Work request: The answer must match the material word for word, with every line included.

Extracted entries:
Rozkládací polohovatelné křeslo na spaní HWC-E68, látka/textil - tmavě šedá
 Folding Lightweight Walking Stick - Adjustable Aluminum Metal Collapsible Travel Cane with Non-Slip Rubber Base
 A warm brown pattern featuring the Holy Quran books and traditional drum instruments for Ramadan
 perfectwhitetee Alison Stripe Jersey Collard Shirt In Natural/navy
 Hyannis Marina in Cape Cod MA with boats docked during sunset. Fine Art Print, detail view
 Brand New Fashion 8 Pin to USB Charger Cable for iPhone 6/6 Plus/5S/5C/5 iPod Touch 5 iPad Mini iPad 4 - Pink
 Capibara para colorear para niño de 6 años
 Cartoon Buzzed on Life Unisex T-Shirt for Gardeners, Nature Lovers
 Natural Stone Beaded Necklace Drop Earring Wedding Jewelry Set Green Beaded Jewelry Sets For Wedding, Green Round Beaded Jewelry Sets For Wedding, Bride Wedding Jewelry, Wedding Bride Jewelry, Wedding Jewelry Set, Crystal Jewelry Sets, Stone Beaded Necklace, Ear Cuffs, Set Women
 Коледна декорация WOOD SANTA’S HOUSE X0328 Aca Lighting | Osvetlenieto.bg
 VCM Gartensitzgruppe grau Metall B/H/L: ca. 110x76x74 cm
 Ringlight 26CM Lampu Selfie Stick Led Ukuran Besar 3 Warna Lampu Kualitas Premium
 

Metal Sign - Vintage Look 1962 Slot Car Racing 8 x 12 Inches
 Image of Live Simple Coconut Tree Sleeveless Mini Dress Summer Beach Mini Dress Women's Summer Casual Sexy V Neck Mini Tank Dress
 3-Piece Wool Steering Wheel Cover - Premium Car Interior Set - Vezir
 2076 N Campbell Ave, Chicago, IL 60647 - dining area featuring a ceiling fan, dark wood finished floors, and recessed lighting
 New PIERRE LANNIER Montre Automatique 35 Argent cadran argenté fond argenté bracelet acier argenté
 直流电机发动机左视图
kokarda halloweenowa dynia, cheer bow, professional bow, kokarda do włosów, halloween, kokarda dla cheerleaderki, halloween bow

Solution:
Rozkládací polohovatelné křeslo na spaní HWC-E68, látka/textil - tmavě šedá
 Folding Lightweight Walking Stick - Adjustable Aluminum Metal Collapsible Travel Cane with Non-Slip Rubber Base
 A warm brown pattern featuring the Holy Quran books and traditional drum instruments for Ramadan
 perfectwhitetee Alison Stripe Jersey Collard Shirt In Natural/navy
 Hyannis Marina in Cape Cod MA with boats docked during sunset. Fine Art Print, detail view
 Brand New Fashion 8 Pin to USB Charger Cable for iPhone 6/6 Plus/5S/5C/5 iPod Touch 5 iPad Mini iPad 4 - Pink
 Capibara para colorear para niño de 6 años
 Cartoon Buzzed on Life Unisex T-Shirt for Gardeners, Nature Lovers
 Natural Stone Beaded Necklace Drop Earring Wedding Jewelry Set Green Beaded Jewelry Sets For Wedding, Green Round Beaded Jewelry Sets For Wedding, Bride Wedding Jewelry, Wedding Bride Jewelry, Wedding Jewelry Set, Crystal Jewelry Sets, Stone Beaded Necklace, Ear Cuffs, Set Women
 Коледна декорация WOOD SANTA’S HOUSE X0328 Aca Lighting | Osvetlenieto.bg
 VCM Gartensitzgruppe grau Metall B/H/L: ca. 110x76x74 cm
 Ringlight 26CM Lampu Selfie Stick Led Ukuran Besar 3 Warna Lampu Kualitas Premium
 

Metal Sign - Vintage Look 1962 Slot Car Racing 8 x 12 Inches
 Image of Live Simple Coconut Tree Sleeveless Mini Dress Summer Beach Mini Dress Women's Summer Casual Sexy V Neck Mini Tank Dress
 3-Piece Wool Steering Wheel Cover - Premium Car Interior Set - Vezir
 2076 N Campbell Ave, Chicago, IL 60647 - dining area featuring a ceiling fan, dark wood finished floors, and recessed lighting
 New PIERRE LANNIER Montre Automatique 35 Argent cadran argenté fond argenté bracelet acier argenté
 直流电机发动机左视图
kokarda halloweenowa dynia, cheer bow, professional bow, kokarda do włosów, halloween, kokarda dla cheerleaderki, halloween bow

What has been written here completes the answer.